Thinning with the white spirits will help to speed up drying. I'd guess 24 hours drying time would be the point where I would suspect a problem with the material.


----------



## Mike Jones (Dec 28, 2013)

Tom, How's your English? This video shows the use of the buffing wheels and compounds. Hope that this helps!

Reactions: Like 1


----------



## Nobby40 (Dec 29, 2013)

Mike Jones said:


> Alex, I am a fan of Waterlox also. Typically, I'll use it on top of a lacquer sanding sealer, but it is good protection for just about anything that i make. What do you use it on primarily?
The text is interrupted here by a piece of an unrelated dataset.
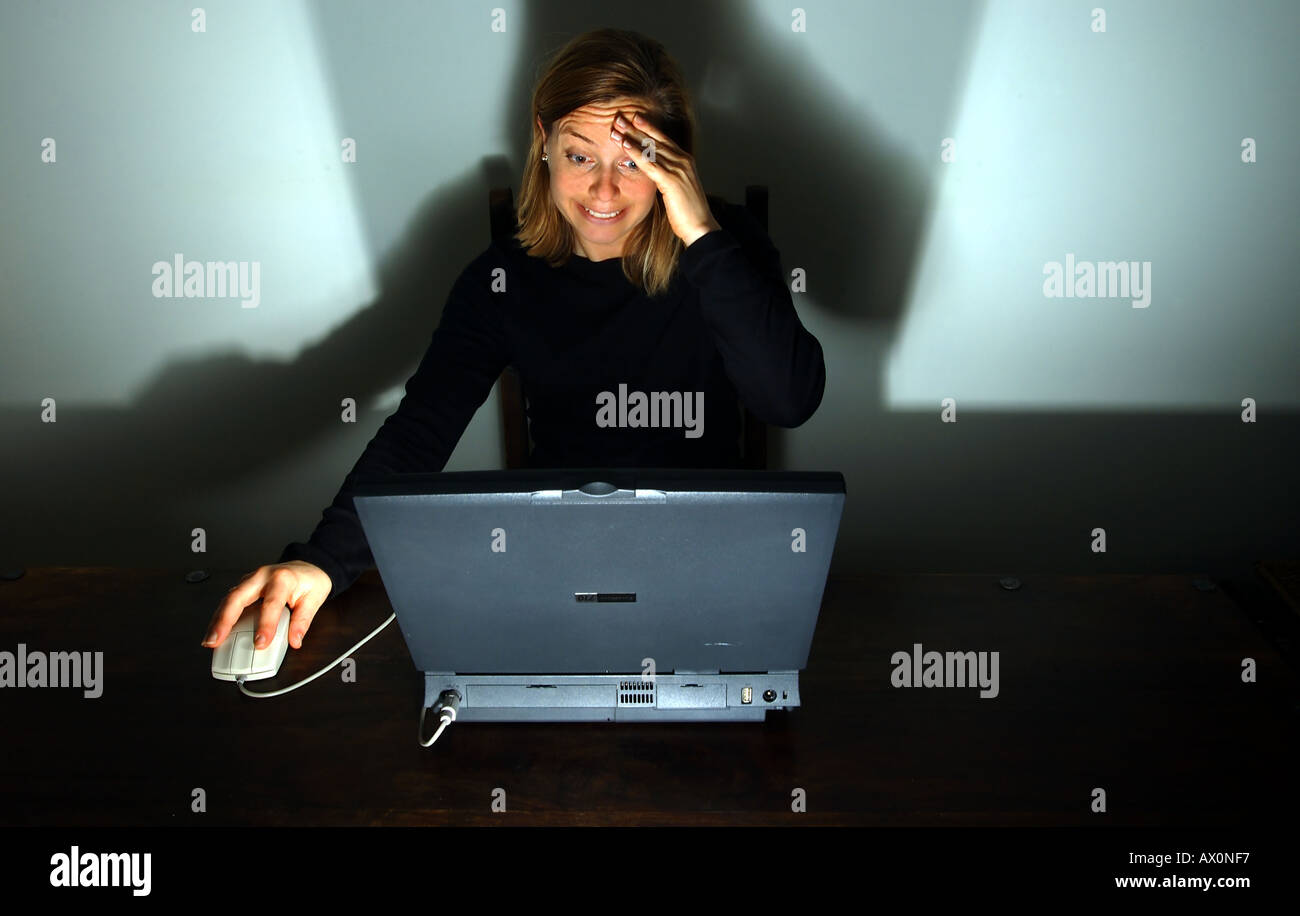 woman working at laptop computer with stress Stock Photo - Alamy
Mike, I'm turning large burls with a lot of inclusions, I use a simple coat of boiled linseed oil to penetrate all the bark inclusions and voids, I find this method stabilizes the bark etc, it also drowns the critters that prevail in those areas. I'll let the pieces sit until I have orders to fill for the gallerys, then do the Waterlox treatment. It's a great product, I've seen some patrons lamps after 25 yrs that look amazing. A lot of people don't take care of their wood, hate dusting or applying true lemon/orange oil, they are "liquid gold" types and Waterlox manages to hold up to the abuse. Regards, Alex

Reactions: Like 2


----------



## HomeBody (Dec 30, 2013)

HomeBody said:


> I always dry every coat 24 hours in a heat box. No exceptions.
> Gary



While I dry every coat of truoil in a heat box for 24 hrs., everyone else is complaining about truoil drying too fast. Let me explain.

All the gunstocks I finish with truoil are walnut, which is open grained. While the coat of truoil you put on dries quickly on the surface, the oil that goes into the pores does not. If you finish it too quickly what happens is the pores remain full of uncured oil. Over time, sometimes months, the oil in the pores finally dries and shrinks, pulling in the finish on the surface and all your pores show back up. Been there, done that. Drying every coat in a heat box for 24 hours prevents this. My original post should have specified open grain walnut and other similar wood. Gary

Reactions: Like 3


----------



## HomeBody (Dec 30, 2013)

Mike Jones said:


> Tom, How's your English? This video shows the use of the buffing wheels and compounds. Hope that this helps!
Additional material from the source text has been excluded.